>>>
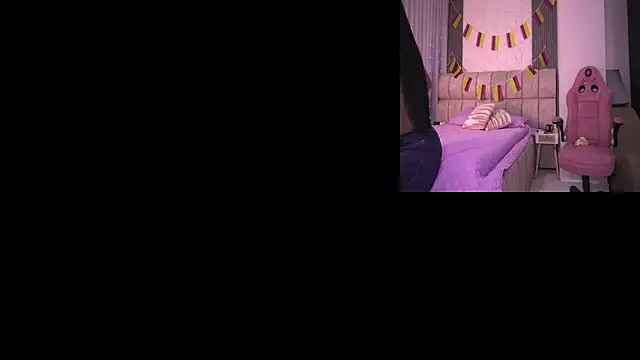 Snapshot of Godess_Scarlett77 chatting on June 2026 03:11:02 AM Godess Scarlett77 online show from June 2026 03:11:02 AM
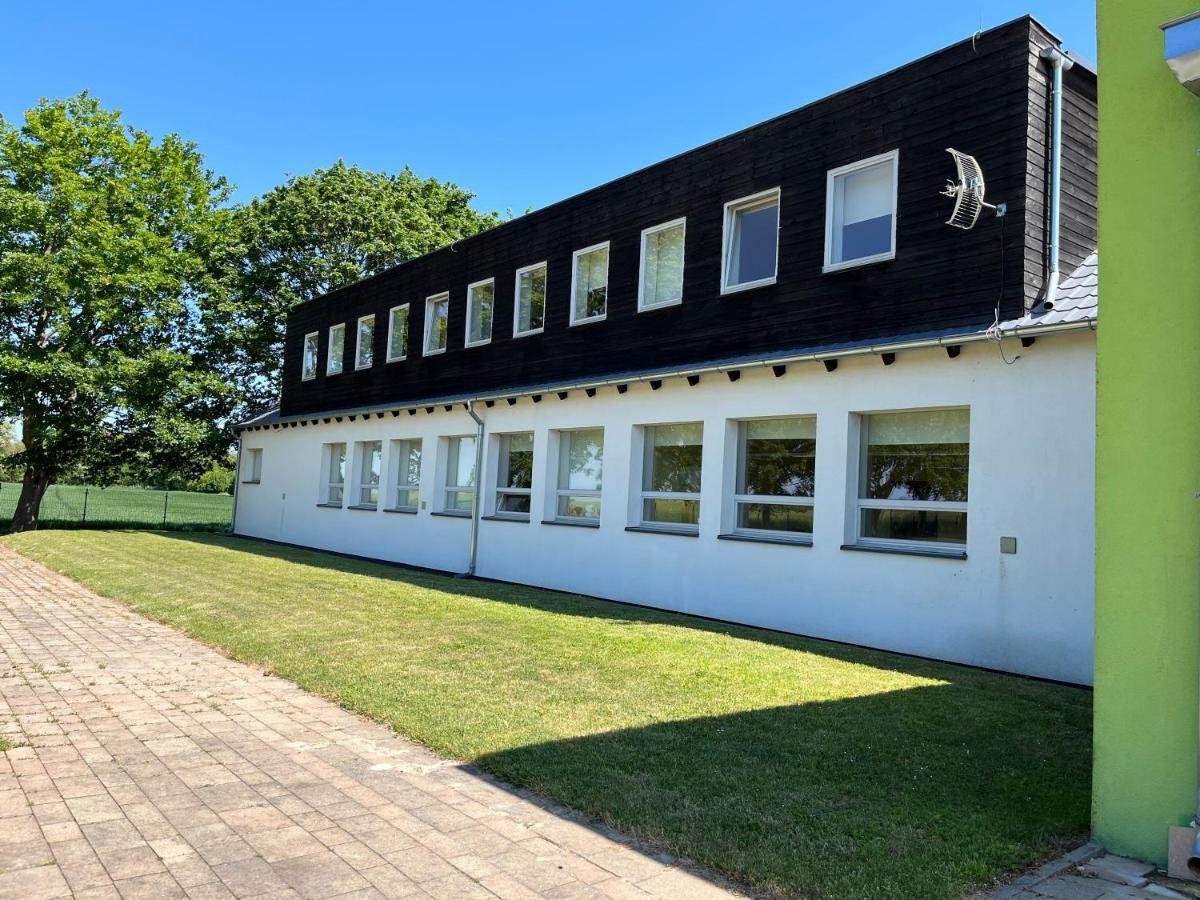 Osrodek Konferencyjno-Wypoczynkowy Hostel Chojna ภายนอก รูปภาพ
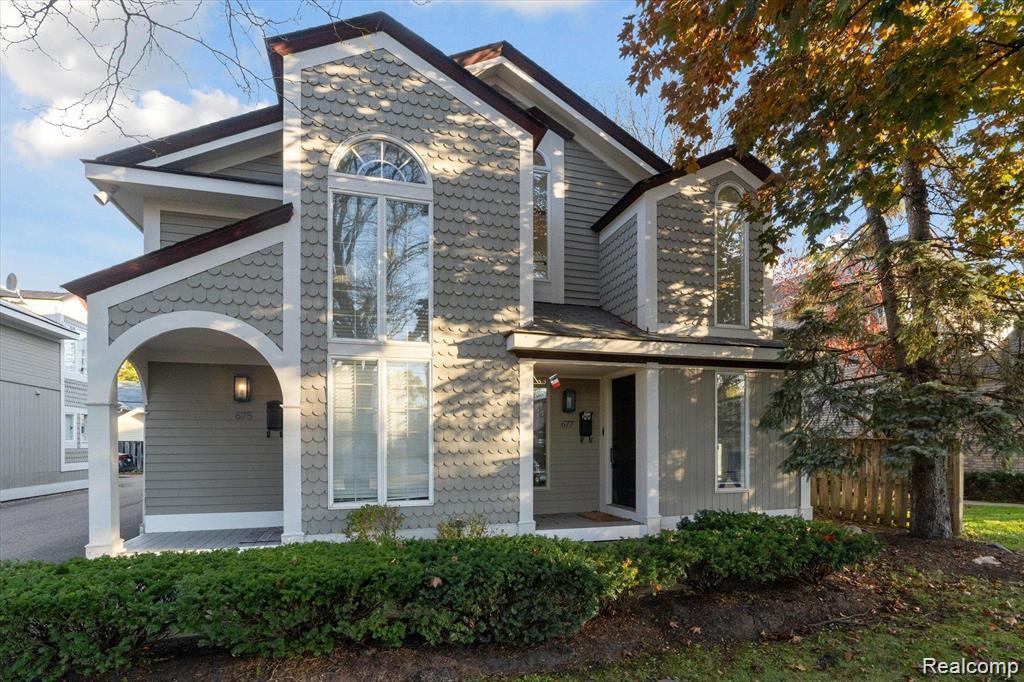 677 E Lincoln Street Unit: 4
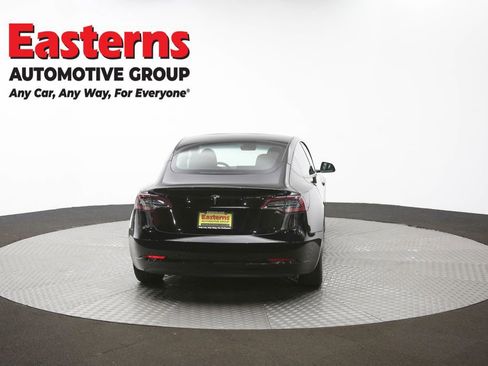 Used 2023 Tesla Model 3 Standard Range image 33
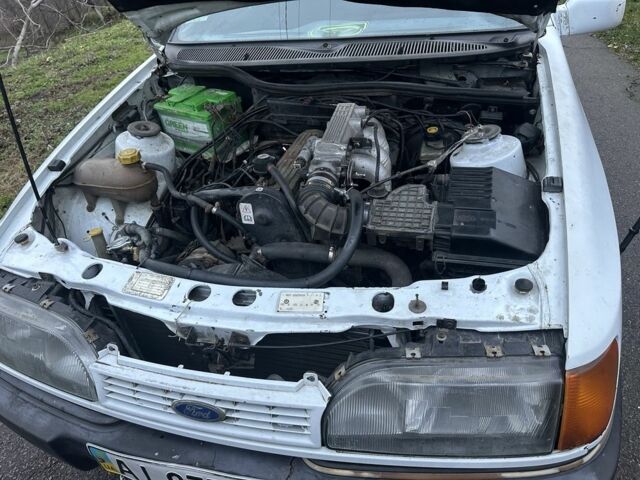 Белый Форд Сиерра, объемом двигателя 2 л и пробегом 200 тыс. км за 750 $, фото 5 на Automoto.ua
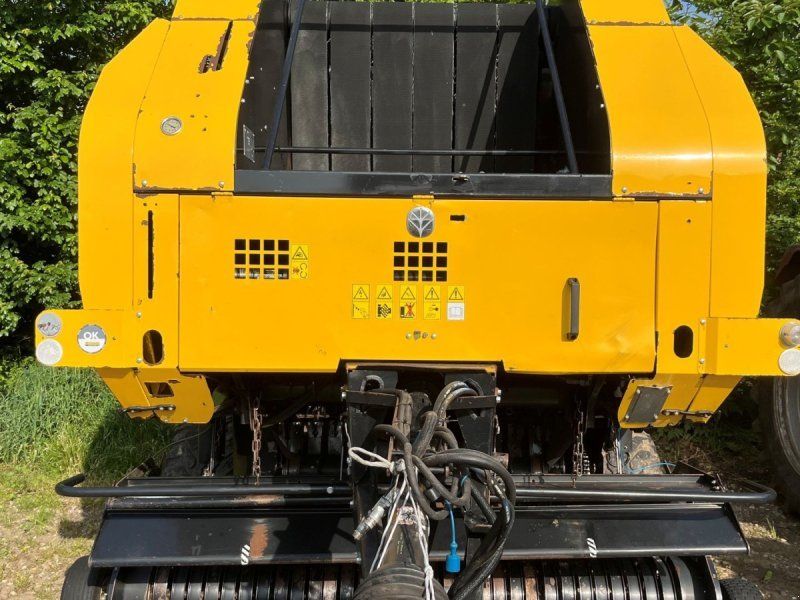 New Holland BR7070 med SUPER FEED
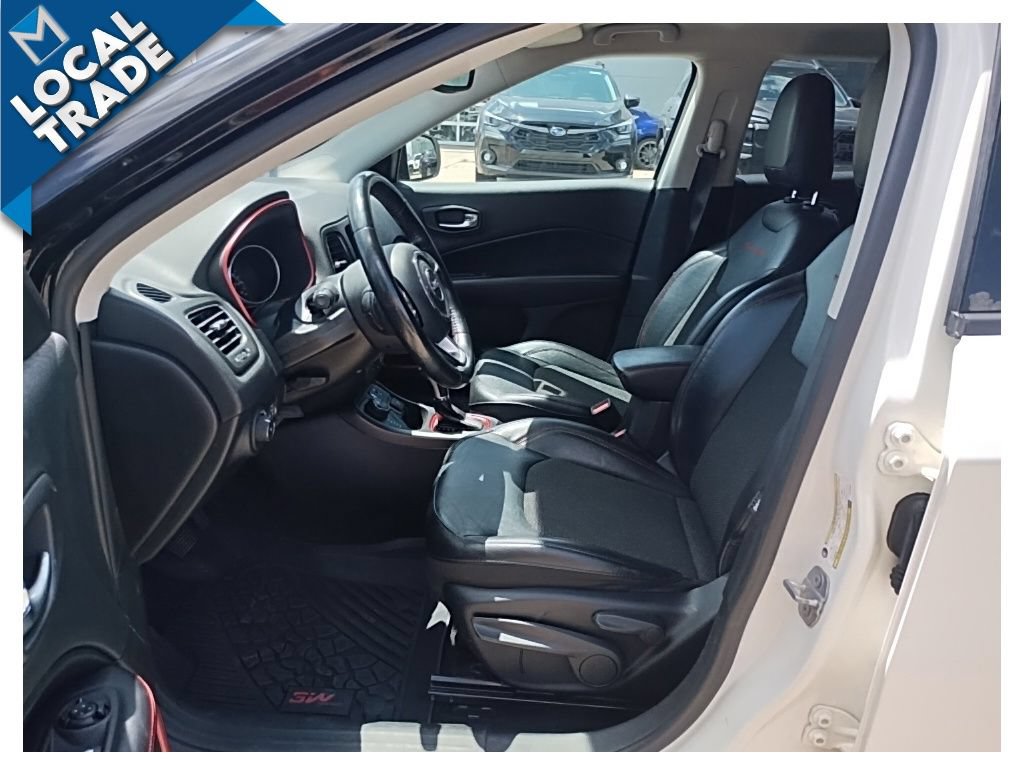 Used 2019 Jeep Compass Trailhawk AWD/4WD image 15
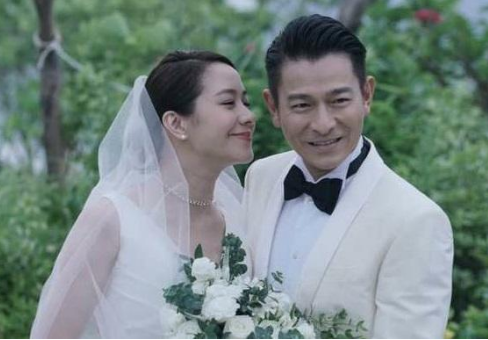 刘德华婚纱照_刘德华与李嘉欣婚纱照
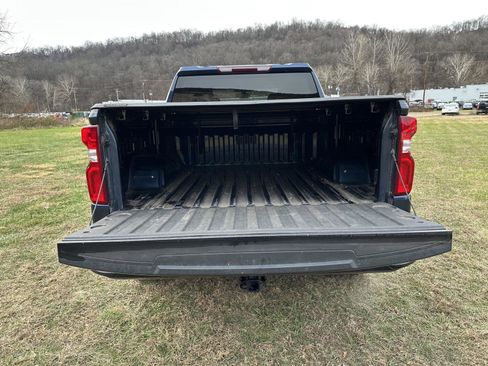 Used 2022 Chevrolet Silverado 1500 Custom image 22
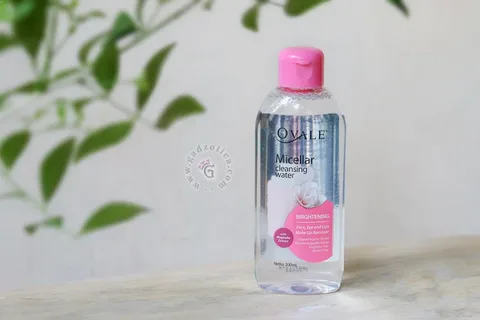 A bottle of micellar cleansing water on a table, illustrating why micellar water is meant for external skincare use and not safe to drink due to surfactants and preservatives.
<<<
TASK | Return every entry word for word, but drop any pictures.

TASK OUTPUT |
 Snapshot of Godess_Scarlett77 chatting on June 2026 03:11:02 AM Godess Scarlett77 online show from June 2026 03:11:02 AM
 Osrodek Konferencyjno-Wypoczynkowy Hostel Chojna ภายนอก รูปภาพ
 677 E Lincoln Street Unit: 4
 Used 2023 Tesla Model 3 Standard Range image 33
 Белый Форд Сиерра, объемом двигателя 2 л и пробегом 200 тыс. км за 750 $, фото 5 на Automoto.ua
 New Holland BR7070 med SUPER FEED
 Used 2019 Jeep Compass Trailhawk AWD/4WD image 15
 刘德华婚纱照_刘德华与李嘉欣婚纱照
 Used 2022 Chevrolet Silverado 1500 Custom image 22
 A bottle of micellar cleansing water on a table, illustrating why micellar water is meant for external skincare use and not safe to drink due to surfactants and preservatives.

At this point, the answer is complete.